[Material for the task]
########################################

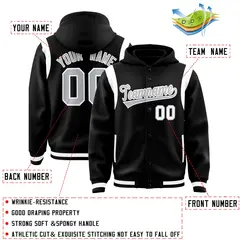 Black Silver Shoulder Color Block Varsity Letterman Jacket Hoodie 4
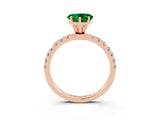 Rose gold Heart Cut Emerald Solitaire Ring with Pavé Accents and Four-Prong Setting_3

########################################

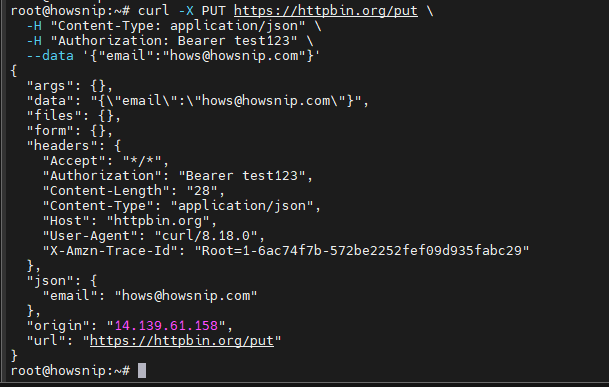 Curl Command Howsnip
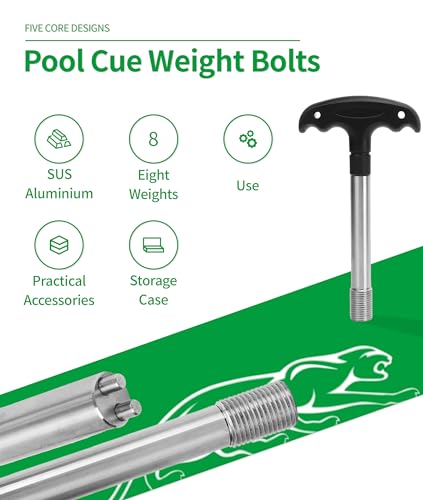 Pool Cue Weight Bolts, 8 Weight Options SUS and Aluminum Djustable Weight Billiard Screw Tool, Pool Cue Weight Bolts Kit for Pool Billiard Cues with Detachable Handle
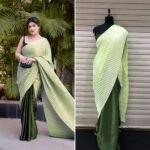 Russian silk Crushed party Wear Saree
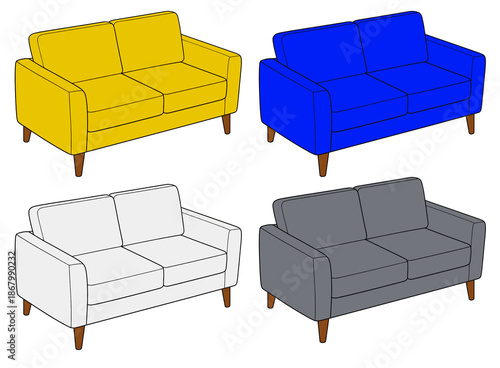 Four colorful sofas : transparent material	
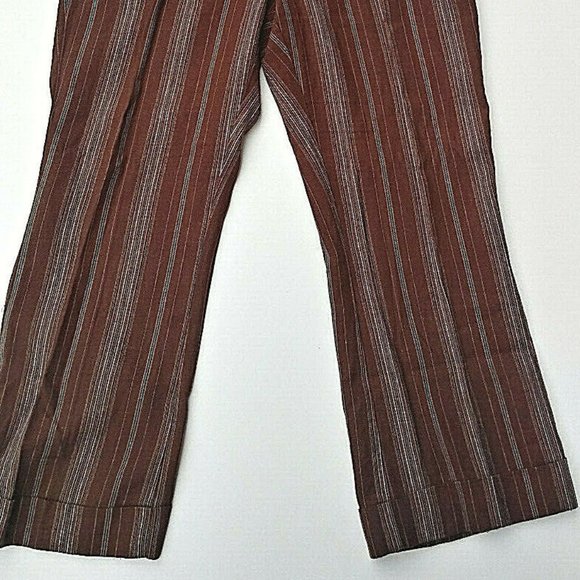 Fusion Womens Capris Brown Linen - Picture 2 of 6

########################################

In the entries above, find the line with "Four colorful sofas : transparent material" and the line with "Fusion Womens Capris". Return exactly those lines and all the ones between them, pictures excluded.

 Four colorful sofas : transparent material	
 Fusion Womens Capris Brown Linen - Picture 2 of 6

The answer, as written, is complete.